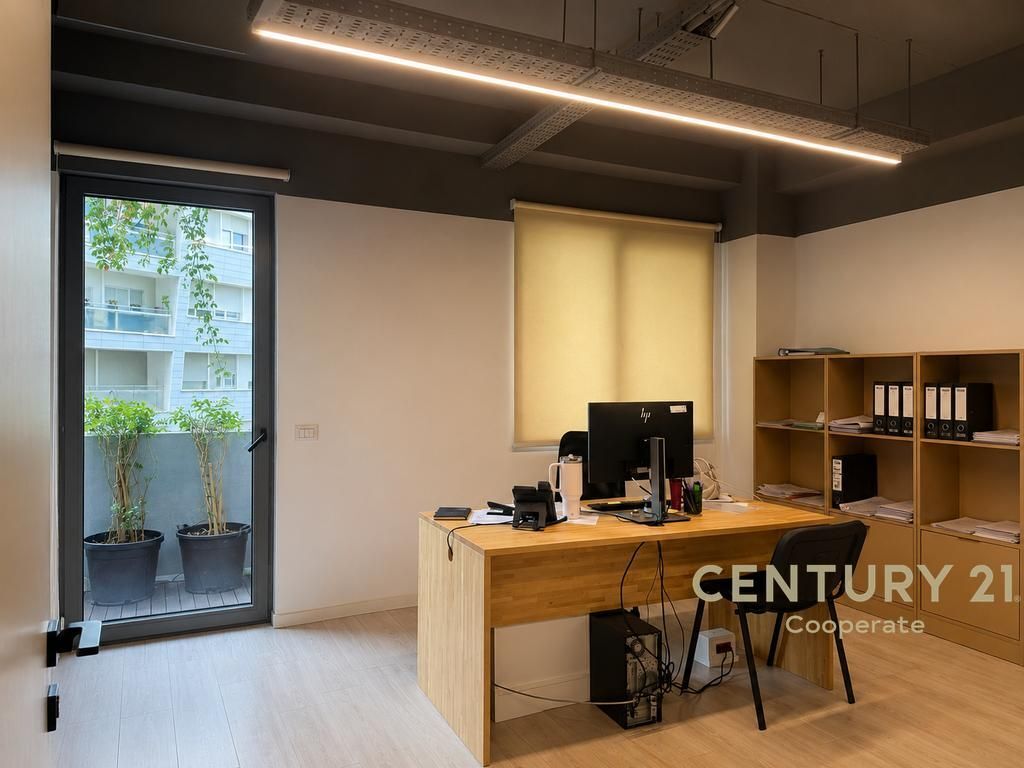 VENDIAMO SPAZIO UFFICIO - LION RESIDENCE, TIRANA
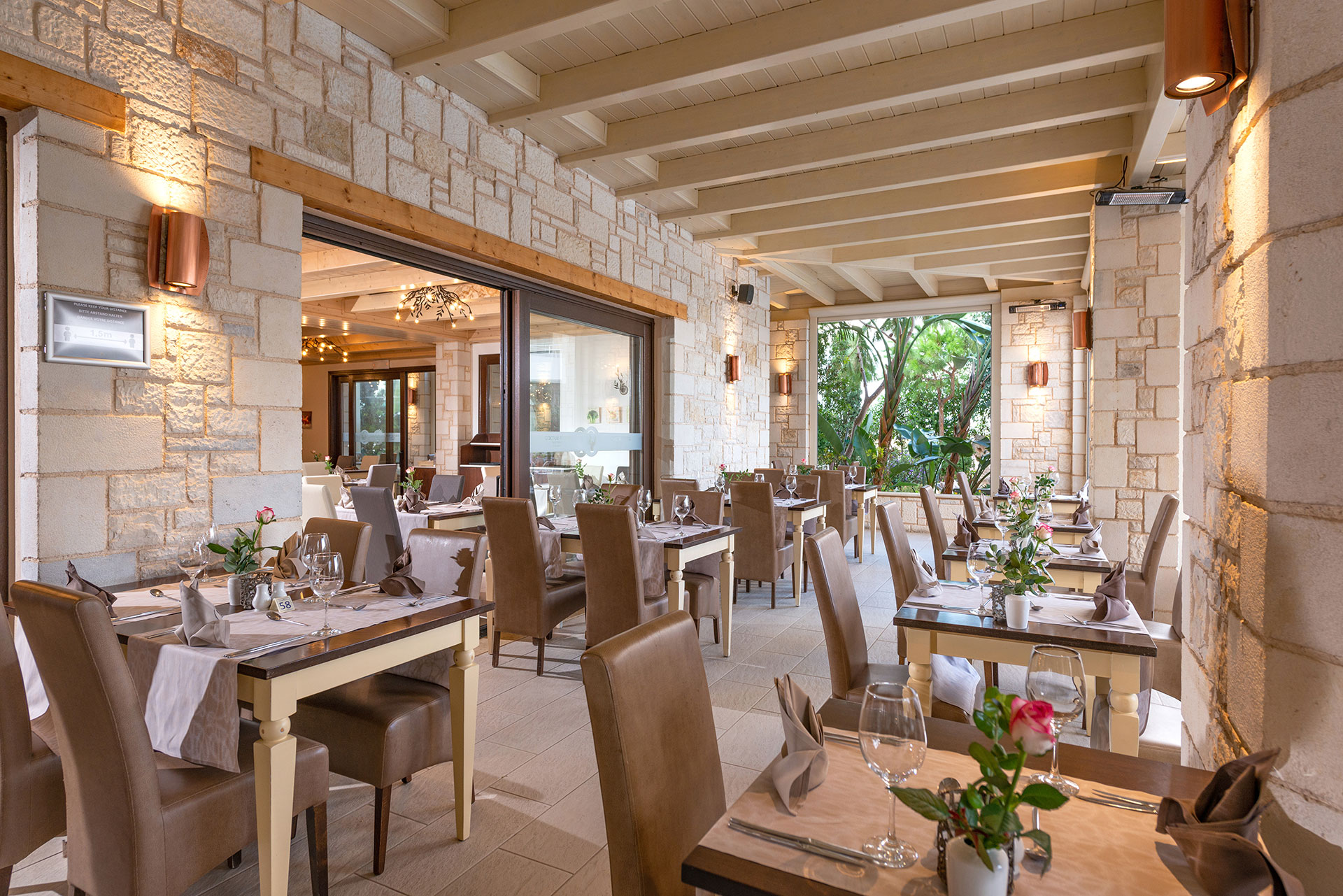 Εστιατόριο ξενοδοχείου 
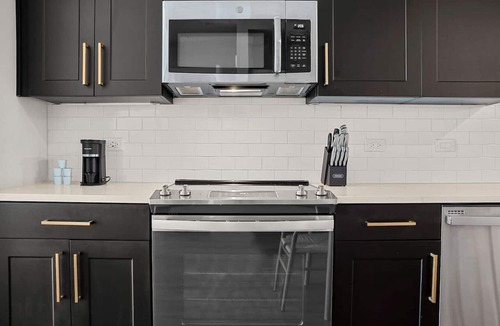 Carver City - Lincoln Gardens Apartment | Safest Location in Town | Pool and Gym | Luxury!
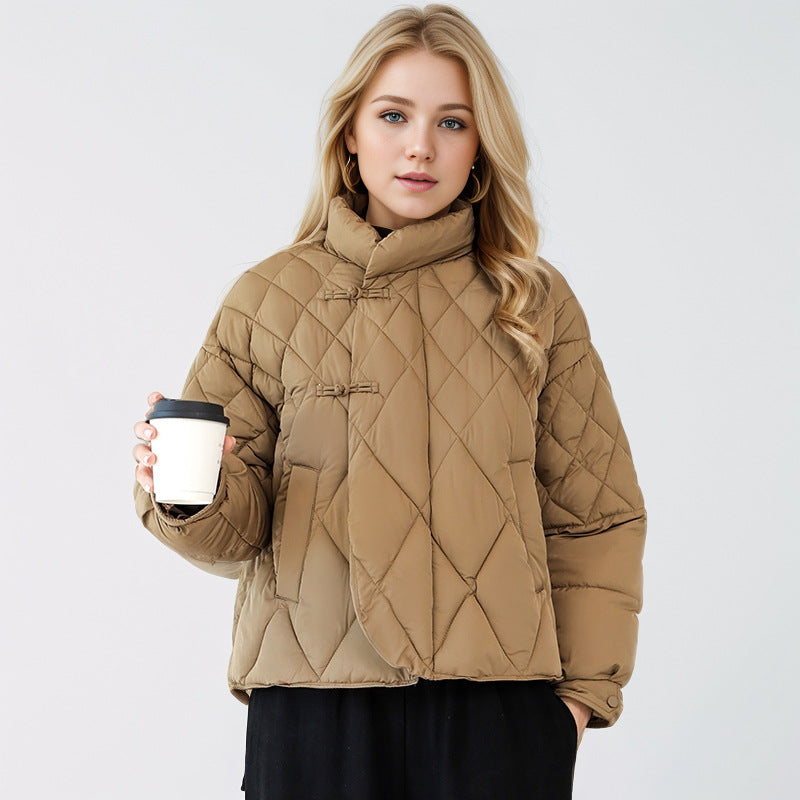 Damen gesteppte Jacke mit hohem Kragen und praktischen Druckknopfdetails Heidi-Mode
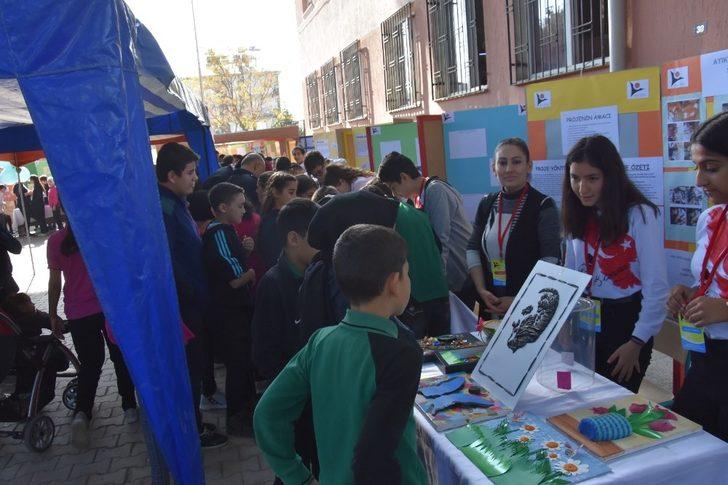 Nazilli Şehitler Ortaokulu’nda TÜBİTAK 4006 Bilim Fuarı açıldı G5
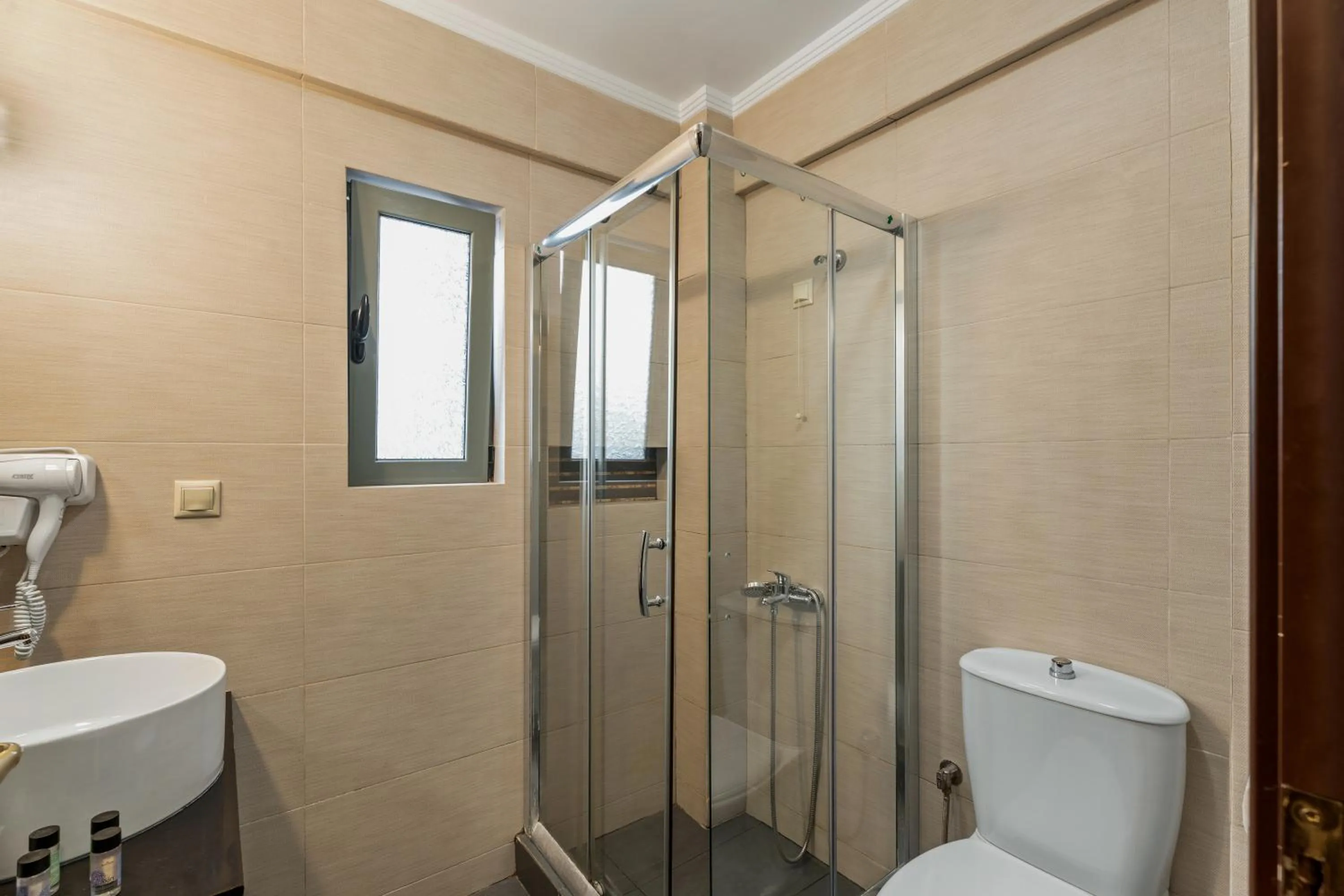 Shower in Aerinon Guesthouse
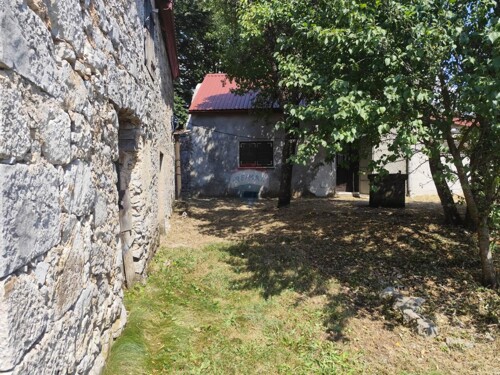 Senj, Veljun Primorski, kuća 42m2 s pomoćnim objektom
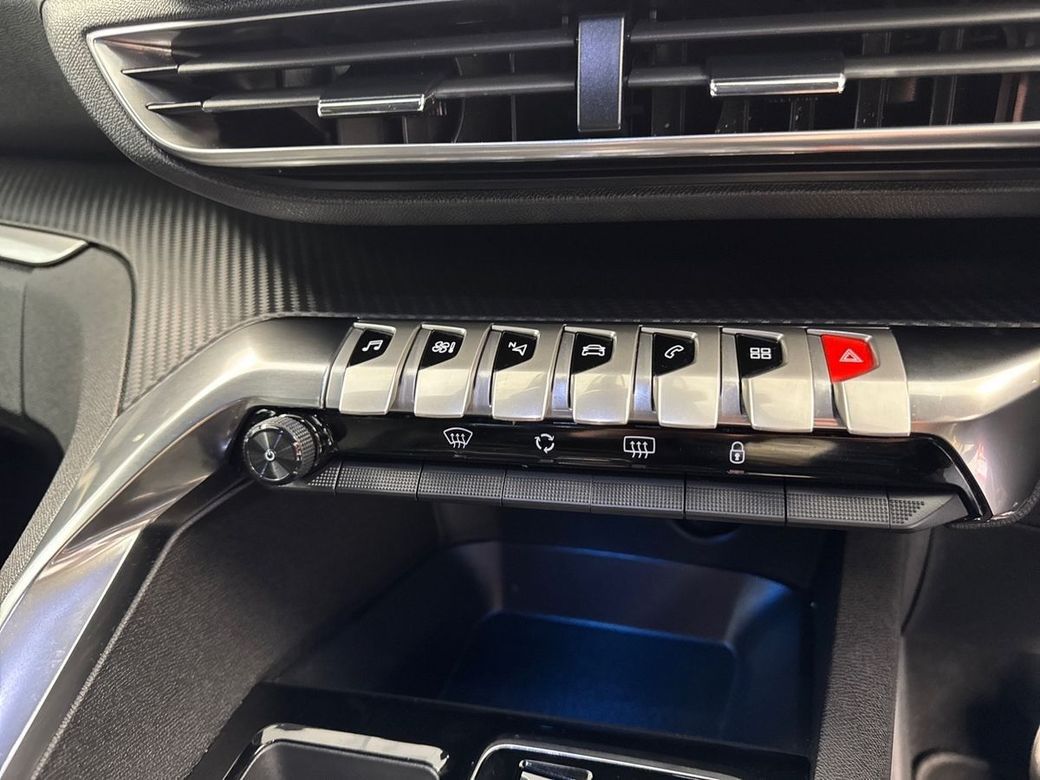2024 Peugeot 5008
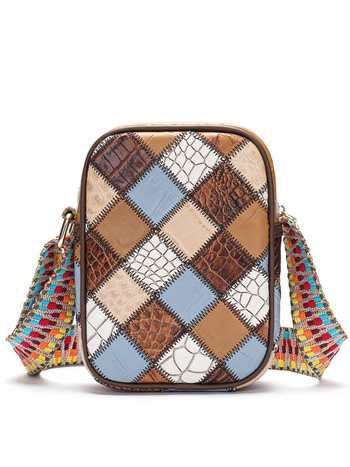 Ženska mini crossbody torbica – kompaktni kvadratni dizajn, prirodna koža, ljeto 2023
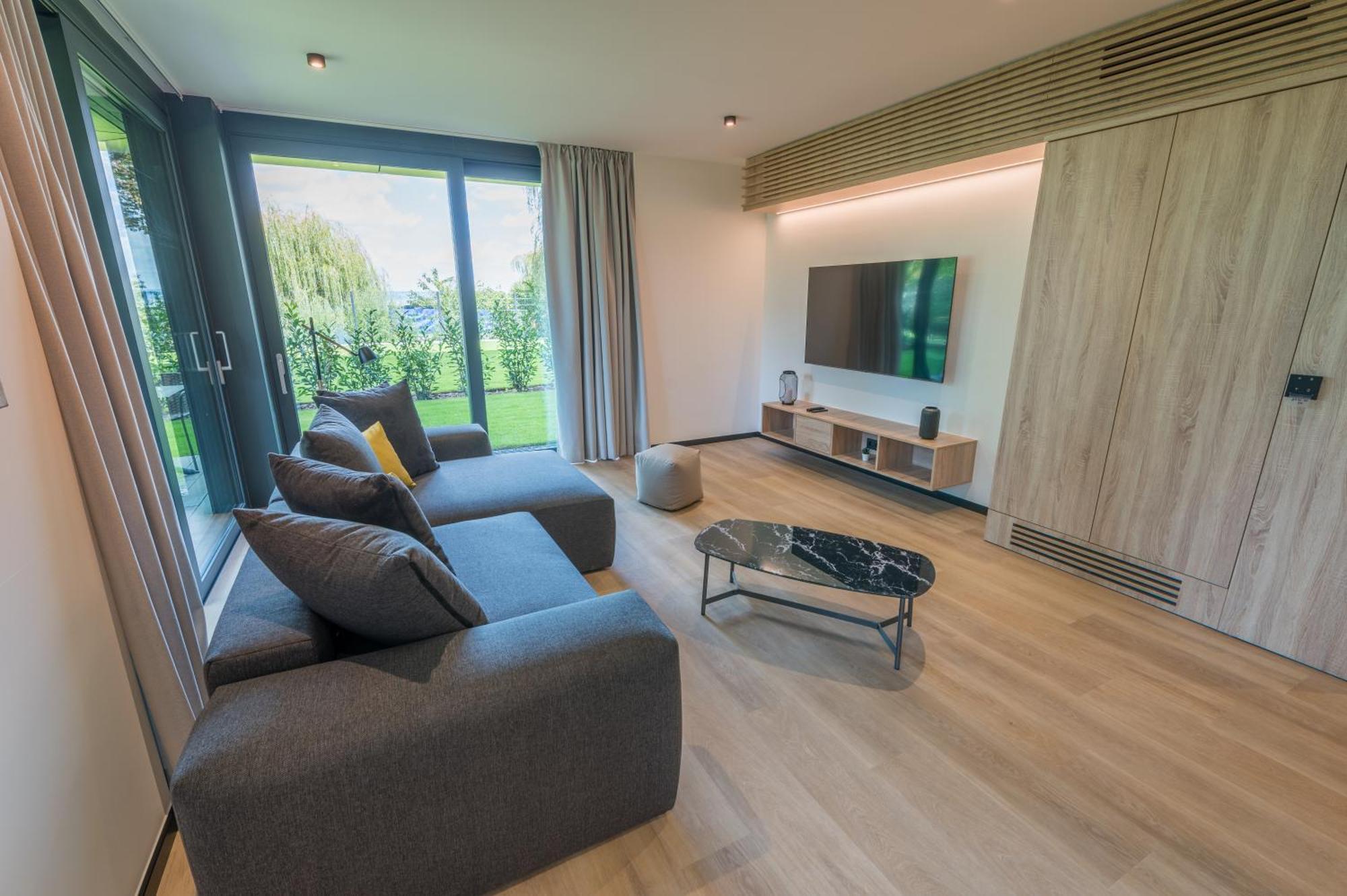 Bj81 Suite Hotel Siofok Exterior photo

※

Copy exactly the lines from the line that holds "Shower in Aerinon Guesthouse" to the end of the listing, both included. Leave the pictures out.

 Shower in Aerinon Guesthouse
 Senj, Veljun Primorski, kuća 42m2 s pomoćnim objektom
2024 Peugeot 5008
 Ženska mini crossbody torbica – kompaktni kvadratni dizajn, prirodna koža, ljeto 2023
 Bj81 Suite Hotel Siofok Exterior photo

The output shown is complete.